"Das Alte ist vergangen, Neues ist geworden (2 Kor 5,17)"

Bischof Lehmann in der Jahresschlussandacht, 31. Dezember 1999

Datum:
Freitag, 31. Dezember 1999

Bischof Lehmann in der Jahresschlussandacht, 31. Dezember 1999

I.

Die Zukunftsforschung hat an der Jahrtausendwende Hochkonjunktur. Wir blicken dabei auf ein Jahrhundert zurück, in dem viele tägliche Neuerungen das Leben verändert haben, von der Russischen Revolution bis zum Zusammenbruch des Staatssozialismus Ideologien zerbrochen sind und die Welt durch die Vereinten Nationen, Europa durch die Eurpäische Union und Deutschland durch die Weidervereinigung enger zusammengewachsen sind.

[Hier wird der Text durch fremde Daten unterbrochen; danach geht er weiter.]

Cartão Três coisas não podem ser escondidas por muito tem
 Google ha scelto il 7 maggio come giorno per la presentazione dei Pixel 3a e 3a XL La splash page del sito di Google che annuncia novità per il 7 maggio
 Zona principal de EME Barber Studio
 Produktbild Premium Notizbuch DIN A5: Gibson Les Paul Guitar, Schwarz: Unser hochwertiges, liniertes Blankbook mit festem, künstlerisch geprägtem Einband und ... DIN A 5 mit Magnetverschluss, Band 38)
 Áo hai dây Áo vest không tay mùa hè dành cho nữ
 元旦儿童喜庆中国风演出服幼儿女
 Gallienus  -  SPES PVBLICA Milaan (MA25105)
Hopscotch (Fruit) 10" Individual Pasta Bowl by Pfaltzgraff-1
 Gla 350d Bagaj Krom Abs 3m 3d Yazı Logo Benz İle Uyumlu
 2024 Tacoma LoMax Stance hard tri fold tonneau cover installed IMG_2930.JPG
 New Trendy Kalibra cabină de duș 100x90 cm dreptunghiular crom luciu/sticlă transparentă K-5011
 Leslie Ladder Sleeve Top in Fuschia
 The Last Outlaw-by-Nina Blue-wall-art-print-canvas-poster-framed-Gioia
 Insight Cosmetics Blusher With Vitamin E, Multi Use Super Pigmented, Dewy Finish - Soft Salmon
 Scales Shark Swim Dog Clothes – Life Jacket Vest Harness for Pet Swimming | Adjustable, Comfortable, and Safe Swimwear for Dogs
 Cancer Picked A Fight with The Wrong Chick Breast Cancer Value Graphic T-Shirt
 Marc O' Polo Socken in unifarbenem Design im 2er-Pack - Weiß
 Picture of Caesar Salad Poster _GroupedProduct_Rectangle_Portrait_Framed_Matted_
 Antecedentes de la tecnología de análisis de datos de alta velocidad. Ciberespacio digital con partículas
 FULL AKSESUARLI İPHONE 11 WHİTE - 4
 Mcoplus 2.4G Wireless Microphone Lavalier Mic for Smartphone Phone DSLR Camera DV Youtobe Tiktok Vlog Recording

Allen apokalyptischen Erwartungen zum Trotz haben die Menschen grundsätzlich eine große Zuversicht. Trotz vieler Zwiespältigkeiten können heute viele Nationen in Frieden leben. Fundamentale Probleme warnen jedoch vor jedem leichtfertigen Optimismus. Die hohe Arbeitslosigkeit steht für viele an erster Stelle. Die ökologischen Katastrophen der letzten Zeit lassen fragen, ob wir vielleicht im Blick auf Phänomene wie Treibhauseffekt mit allen Maßnahmen zu langsam sind. Die Globalisierung soll nicht verteufelt werden; sie schafft Bewegung in der Weltökonomie, die auch den Menschen der Dritten Welt helfen kann. Der gesteigerte Wettbewerb hat aber auch die Gefahr, daß die Starken rücksichtslos weiterwachsen, die Schwachen aber immer mehr ins Hintertreffen kommen. Dies gilt international und national.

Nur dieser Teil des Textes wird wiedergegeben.